*What to do*. Set down the whole listing below exactly. The pictures stay out.

*Data below*.
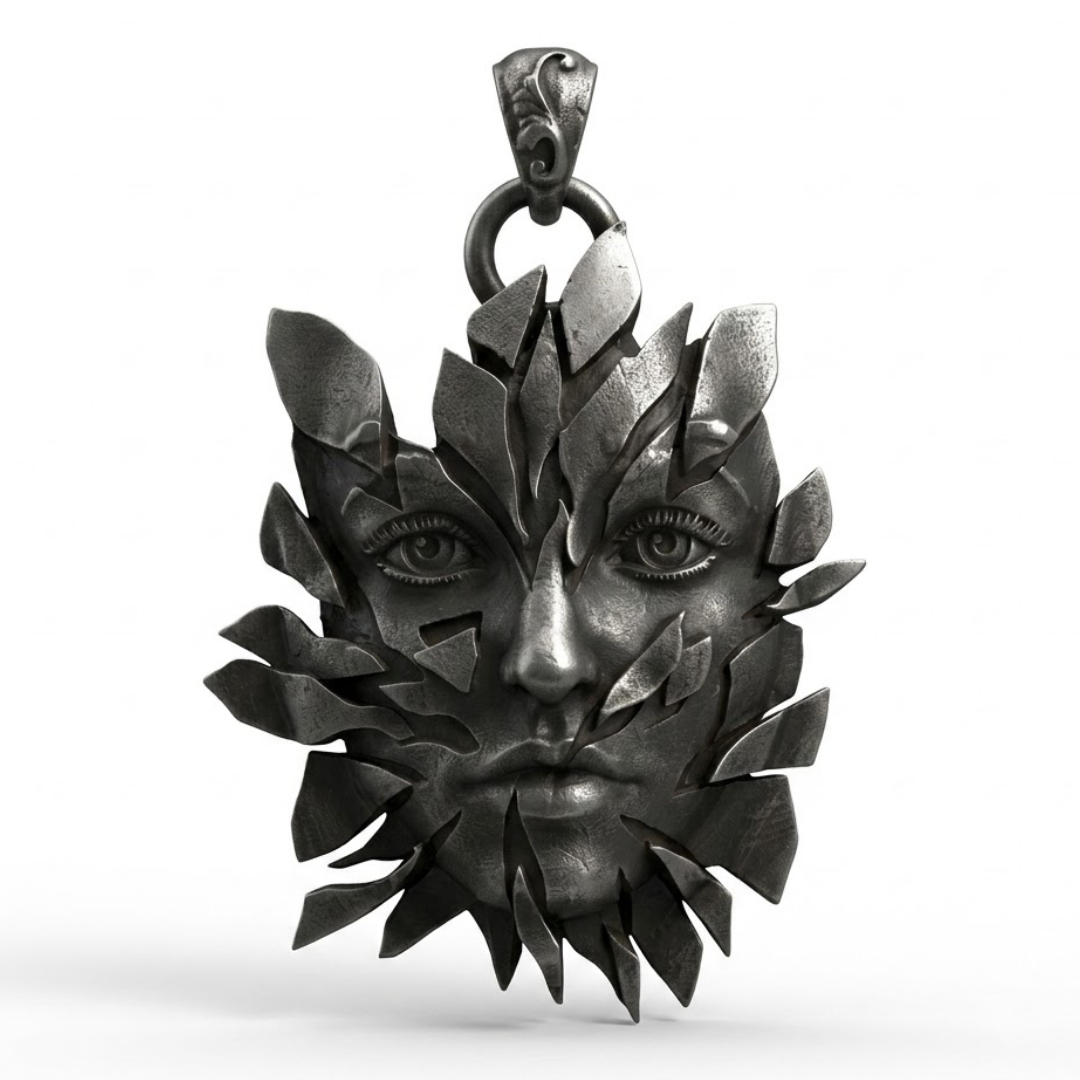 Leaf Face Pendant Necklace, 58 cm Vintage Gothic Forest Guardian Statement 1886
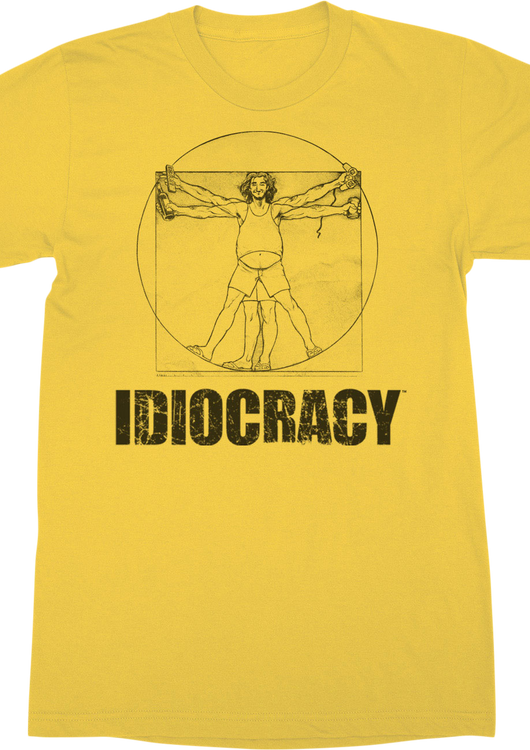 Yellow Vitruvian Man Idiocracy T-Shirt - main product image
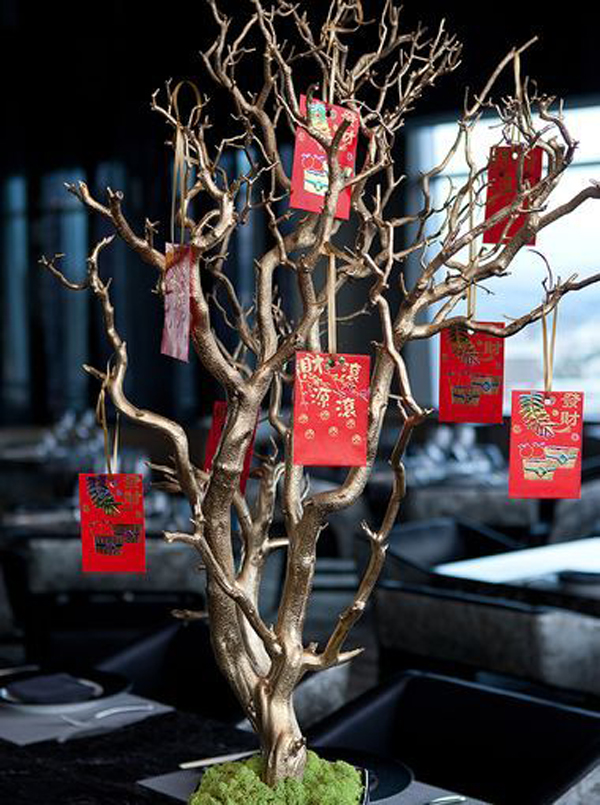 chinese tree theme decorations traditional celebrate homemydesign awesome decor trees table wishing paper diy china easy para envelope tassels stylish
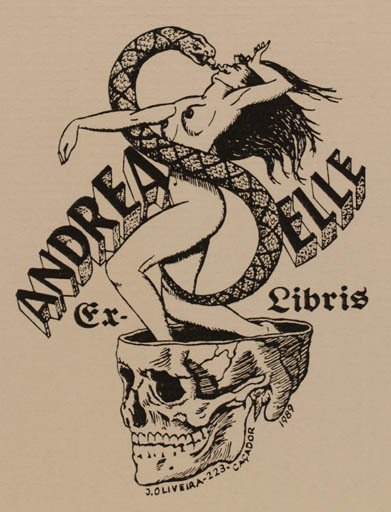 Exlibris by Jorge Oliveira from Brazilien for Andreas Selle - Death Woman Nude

*Task answer*.
 Leaf Face Pendant Necklace, 58 cm Vintage Gothic Forest Guardian Statement 1886
 Yellow Vitruvian Man Idiocracy T-Shirt - main product image
 chinese tree theme decorations traditional celebrate homemydesign awesome decor trees table wishing paper diy china easy para envelope tassels stylish
 Exlibris by Jorge Oliveira from Brazilien for Andreas Selle - Death Woman Nude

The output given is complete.